Bir başka konu da 55. madde hükümlerinin her türlü idari eylem ve işlemler ile
idarenin sorumlu olduğu diğer sebeplerin yol açtığı bu tür zararlara ilişkin istem ve
davalarda da uygulanacak olmasıyla ilgilidir. Yukarıda belirtildiği üzere, 55. maddenin
yürürlüğe girmesinden önce Danıştay ve Askeri Yüksek İdare Mahkemesi
uygulamasına göre 5434 sayılı Emekli Sandığı Kanunu (5510/4-c) kapsamında olanlar
için SGK ödemeleri nedeniyle tazminattan indirime gidilmekteydi. 55. maddenin
getirdiği düzenlemeye göre; destekten yoksun kalma zararları ile bedensel zararlar, bu
kanun hükümlerine ve “sorumluluk hukuku ilkelerine göre” hesaplanacaktır. Ancak,
idare hukukunun temel sorumluluk ilkeleri borçlar hukukunda düzenlenmiş olan
ilkelerden çok farklıdır. İdare hukukunda kusur sorumluluğunun yanında, kusursuz
sorumluluk ilkesi daha yaygın olarak uygulanmaktadır. İdari eylem ve işlemler ile
idarenin sorumlu olduğu diğer sebeplerin yol açtığı vücut bütünlüğünün kısmen veya
tamamen yitirilmesine ya da kişinin ölümüne bağlı zararlara ilişkin istem ve davalarda
tazminat Borçlar Kanunu hükümleri ve “sorumluluk hukuku ilkelerine göre”
2
hesaplanacak ise idari yargıda kusursuz sorumluluk ilkesinin uygulandığı haller ne
olacaktır? Her ne kadar 55. maddenin gerekçesinde düzenlemenin bu yönüyle insan
zararlarında farklı hukuk düzenlemelerinden bütüncül bir düzenlemeye ve yargı
birliğine geçmenin ön adımı olduğu vurgulanmış ise de, mevcut haliyle Borçlar
Kanunun kusursuz sorumluluk halleri, idare hukukunun kusursuz sorumluluk
ilkesinin yerine geçecek nitelikte değildir. Bu kapsamda iki sistem arasındaki farklılığın
uygulamada sorunlara neden olacağı kanaatindeyiz. Diğer yandan, 55. maddenin
gerekçesindeki bazı ifadeler de söz konusu düzenlemenin idari davalarda geçerli
olması kuralını gerekçesiz hale getirmektedir. 55. maddenin gerekçesinde; rücu
edilemeyen sosyal güvenlik hak ve ödemelerinin oluşmasında zarar verenin bir katkısı
olmadıktan başka, rücu edilen ödemelere nazaran zarar verenin mükerrer ödemesi de
yoktur, denilmektedir.
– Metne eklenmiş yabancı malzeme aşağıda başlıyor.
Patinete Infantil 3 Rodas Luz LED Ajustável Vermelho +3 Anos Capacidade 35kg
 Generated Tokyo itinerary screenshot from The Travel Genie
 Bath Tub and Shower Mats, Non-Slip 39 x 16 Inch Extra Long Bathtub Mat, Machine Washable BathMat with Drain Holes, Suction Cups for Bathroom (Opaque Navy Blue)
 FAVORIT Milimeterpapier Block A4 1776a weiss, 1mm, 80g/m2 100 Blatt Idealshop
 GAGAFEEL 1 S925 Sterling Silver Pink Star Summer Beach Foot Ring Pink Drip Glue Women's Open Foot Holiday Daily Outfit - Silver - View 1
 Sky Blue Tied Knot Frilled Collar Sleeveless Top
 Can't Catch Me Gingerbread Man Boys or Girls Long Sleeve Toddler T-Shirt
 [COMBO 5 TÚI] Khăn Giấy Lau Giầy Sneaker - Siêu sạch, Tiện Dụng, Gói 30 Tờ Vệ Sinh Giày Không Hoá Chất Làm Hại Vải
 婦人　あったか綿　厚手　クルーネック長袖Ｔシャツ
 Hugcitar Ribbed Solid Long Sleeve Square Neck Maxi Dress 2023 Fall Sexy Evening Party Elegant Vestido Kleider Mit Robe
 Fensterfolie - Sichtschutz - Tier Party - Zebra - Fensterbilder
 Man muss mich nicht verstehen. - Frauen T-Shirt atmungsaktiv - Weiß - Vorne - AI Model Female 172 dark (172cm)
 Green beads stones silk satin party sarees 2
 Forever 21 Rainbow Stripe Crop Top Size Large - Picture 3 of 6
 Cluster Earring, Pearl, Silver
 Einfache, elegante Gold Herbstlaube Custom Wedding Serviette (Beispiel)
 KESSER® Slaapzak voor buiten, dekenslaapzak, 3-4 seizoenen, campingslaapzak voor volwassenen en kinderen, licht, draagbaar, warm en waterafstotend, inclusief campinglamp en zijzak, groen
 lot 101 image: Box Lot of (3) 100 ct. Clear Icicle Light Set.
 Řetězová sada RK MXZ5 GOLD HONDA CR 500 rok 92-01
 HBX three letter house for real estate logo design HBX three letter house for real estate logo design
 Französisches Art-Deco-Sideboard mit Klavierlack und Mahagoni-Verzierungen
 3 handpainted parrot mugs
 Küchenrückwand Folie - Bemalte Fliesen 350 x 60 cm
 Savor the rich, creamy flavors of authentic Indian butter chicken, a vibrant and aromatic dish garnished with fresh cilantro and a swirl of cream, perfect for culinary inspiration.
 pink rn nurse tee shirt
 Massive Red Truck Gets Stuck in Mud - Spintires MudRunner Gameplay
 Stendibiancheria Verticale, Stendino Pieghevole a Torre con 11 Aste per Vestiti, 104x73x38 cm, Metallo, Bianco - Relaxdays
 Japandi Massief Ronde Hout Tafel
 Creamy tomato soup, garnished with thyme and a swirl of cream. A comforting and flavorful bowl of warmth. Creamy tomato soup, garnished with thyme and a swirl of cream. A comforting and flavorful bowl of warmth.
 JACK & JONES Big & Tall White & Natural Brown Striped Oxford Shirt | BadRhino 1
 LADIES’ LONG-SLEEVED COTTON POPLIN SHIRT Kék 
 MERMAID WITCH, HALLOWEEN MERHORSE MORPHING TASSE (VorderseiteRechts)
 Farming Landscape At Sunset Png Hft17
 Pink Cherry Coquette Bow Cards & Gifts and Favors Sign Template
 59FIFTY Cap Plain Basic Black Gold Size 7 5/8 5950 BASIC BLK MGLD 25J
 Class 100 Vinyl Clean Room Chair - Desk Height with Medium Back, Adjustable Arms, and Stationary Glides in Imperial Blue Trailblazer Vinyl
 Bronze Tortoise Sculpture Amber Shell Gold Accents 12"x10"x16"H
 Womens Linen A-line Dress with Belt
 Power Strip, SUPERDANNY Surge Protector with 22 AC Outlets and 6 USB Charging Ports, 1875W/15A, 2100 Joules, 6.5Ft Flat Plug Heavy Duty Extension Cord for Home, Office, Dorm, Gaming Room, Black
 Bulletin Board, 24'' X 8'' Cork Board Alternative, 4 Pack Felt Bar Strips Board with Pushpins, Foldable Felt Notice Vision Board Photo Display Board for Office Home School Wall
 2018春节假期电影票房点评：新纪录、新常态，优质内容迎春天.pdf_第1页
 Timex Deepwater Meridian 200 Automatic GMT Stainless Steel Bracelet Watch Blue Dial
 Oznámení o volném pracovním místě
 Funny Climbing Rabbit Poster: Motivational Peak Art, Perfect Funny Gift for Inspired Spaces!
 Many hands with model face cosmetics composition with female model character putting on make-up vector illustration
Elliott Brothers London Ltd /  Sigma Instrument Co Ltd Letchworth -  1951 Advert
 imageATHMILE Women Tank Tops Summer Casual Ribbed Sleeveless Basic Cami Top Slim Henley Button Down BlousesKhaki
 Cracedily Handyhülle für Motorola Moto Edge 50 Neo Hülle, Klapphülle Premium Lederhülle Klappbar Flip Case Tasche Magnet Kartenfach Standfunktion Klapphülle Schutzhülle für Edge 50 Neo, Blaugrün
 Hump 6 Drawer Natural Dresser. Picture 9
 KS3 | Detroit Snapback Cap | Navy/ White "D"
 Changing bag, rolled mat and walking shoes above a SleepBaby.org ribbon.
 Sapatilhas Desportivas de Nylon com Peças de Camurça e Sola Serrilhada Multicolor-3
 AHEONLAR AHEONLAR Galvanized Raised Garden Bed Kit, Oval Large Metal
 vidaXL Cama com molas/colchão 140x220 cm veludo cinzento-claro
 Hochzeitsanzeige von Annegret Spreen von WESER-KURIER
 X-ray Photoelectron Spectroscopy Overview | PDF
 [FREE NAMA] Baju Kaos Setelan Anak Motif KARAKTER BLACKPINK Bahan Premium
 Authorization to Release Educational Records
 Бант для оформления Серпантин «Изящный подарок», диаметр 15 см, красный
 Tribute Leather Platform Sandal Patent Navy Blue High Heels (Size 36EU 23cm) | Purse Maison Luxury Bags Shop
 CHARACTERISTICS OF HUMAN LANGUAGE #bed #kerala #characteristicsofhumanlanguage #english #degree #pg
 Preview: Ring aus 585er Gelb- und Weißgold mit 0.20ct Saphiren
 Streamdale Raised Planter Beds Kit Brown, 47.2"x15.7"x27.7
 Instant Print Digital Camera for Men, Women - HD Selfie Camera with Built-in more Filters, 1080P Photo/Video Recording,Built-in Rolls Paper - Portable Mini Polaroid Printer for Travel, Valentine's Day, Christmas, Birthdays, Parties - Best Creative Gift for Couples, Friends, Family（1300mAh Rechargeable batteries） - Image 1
Oysa; örneğin terörle mücadeleden mağdur olanlara SGK
tarafından yapılan fazla ödemeler hazineden tahsil edilmektedir. Diğer yönden 5434
sayılı T.C. Emekli Sandığı Kanununun 12/II-k maddesine göre vazife malullükleri ile
vazifeden doğma ölümler halinde erlerin de Sandıktan faydalanacakları kurala
bağlanmıştır. Kuruma prim ödemeyen ancak vazife malullüğü aylığına hak kazanan
erlere kurum tarafından yapılan ödemeler de tazminat davasında zarar veren
konumunda olan hazineden tahsil edilmektedir. 55 maddenin bu tür hallerde
uygulanması durumunda hazinenin mükerrer ödemesi söz konusu olacaktır. Bu
yönüyle madde metni ile gerekçesi arasında uyumsuzluk dikkati çekmektedir. Ancak,
hukukun uygulamasında esas olan gerekçe değil, madde metnidir. Uygulamada da
madde metni esas alınacaktır. Kaldı ki, kanun koyucunun söz konusu haller için bu
hususları dikkate almadan düzenleme yaptığını söylemek de mümkün değildir. Sonuç
olarak; Türk Borçlar Kanununun 55. maddesi ile getirilen bu düzenlemelerin özellikle
idari yargıdaki yerleşik ilkeler karşısında nasıl uygulanacağını zaman gösterecektir.